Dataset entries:
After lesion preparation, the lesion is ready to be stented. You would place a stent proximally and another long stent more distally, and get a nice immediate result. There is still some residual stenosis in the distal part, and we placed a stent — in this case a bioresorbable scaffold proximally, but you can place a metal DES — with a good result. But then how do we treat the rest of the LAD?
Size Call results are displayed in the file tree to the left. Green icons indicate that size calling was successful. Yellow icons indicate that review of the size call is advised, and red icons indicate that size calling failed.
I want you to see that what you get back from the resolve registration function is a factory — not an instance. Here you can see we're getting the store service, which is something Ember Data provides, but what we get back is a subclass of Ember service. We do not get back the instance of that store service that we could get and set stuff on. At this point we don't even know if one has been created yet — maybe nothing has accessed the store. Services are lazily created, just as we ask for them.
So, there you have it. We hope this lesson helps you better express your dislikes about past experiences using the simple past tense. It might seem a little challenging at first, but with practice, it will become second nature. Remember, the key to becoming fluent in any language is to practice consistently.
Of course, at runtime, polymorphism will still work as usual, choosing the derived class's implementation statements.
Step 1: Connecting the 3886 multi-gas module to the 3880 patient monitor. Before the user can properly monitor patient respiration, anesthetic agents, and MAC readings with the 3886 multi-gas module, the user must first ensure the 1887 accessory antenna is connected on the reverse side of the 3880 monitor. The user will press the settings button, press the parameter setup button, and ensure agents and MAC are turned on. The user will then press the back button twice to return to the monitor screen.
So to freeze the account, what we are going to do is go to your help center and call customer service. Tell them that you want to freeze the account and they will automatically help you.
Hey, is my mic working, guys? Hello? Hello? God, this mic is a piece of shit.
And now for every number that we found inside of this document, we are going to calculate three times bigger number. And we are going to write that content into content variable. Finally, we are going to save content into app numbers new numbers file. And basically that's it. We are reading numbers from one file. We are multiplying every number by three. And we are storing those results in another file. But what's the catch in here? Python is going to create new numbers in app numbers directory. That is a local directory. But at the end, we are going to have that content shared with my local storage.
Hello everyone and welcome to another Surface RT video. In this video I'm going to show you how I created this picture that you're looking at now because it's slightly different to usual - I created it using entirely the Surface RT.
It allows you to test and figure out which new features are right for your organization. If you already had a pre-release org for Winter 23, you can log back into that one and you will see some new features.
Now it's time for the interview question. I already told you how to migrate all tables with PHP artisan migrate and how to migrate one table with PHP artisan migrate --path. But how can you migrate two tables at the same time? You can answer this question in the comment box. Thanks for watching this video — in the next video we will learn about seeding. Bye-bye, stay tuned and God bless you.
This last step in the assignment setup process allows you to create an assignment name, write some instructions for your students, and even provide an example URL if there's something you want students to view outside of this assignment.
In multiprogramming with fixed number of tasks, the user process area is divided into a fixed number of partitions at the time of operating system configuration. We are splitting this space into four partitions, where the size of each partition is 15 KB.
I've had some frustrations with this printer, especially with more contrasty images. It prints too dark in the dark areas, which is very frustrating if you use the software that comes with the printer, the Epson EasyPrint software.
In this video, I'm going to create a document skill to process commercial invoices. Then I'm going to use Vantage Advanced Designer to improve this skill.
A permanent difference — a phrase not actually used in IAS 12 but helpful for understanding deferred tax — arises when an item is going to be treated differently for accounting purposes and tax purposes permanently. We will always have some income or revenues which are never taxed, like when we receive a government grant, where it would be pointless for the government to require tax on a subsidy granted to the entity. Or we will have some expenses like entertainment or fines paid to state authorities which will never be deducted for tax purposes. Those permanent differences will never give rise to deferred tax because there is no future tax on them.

**Aim of the exercise**
Out of the records above, pick each line that contains the string "already".

**Task result**
It allows you to test and figure out which new features are right for your organization. If you already had a pre-release org for Winter 23, you can log back into that one and you will see some new features.
Now it's time for the interview question. I already told you how to migrate all tables with PHP artisan migrate and how to migrate one table with PHP artisan migrate --path. But how can you migrate two tables at the same time? You can answer this question in the comment box. Thanks for watching this video — in the next video we will learn about seeding. Bye-bye, stay tuned and God bless you.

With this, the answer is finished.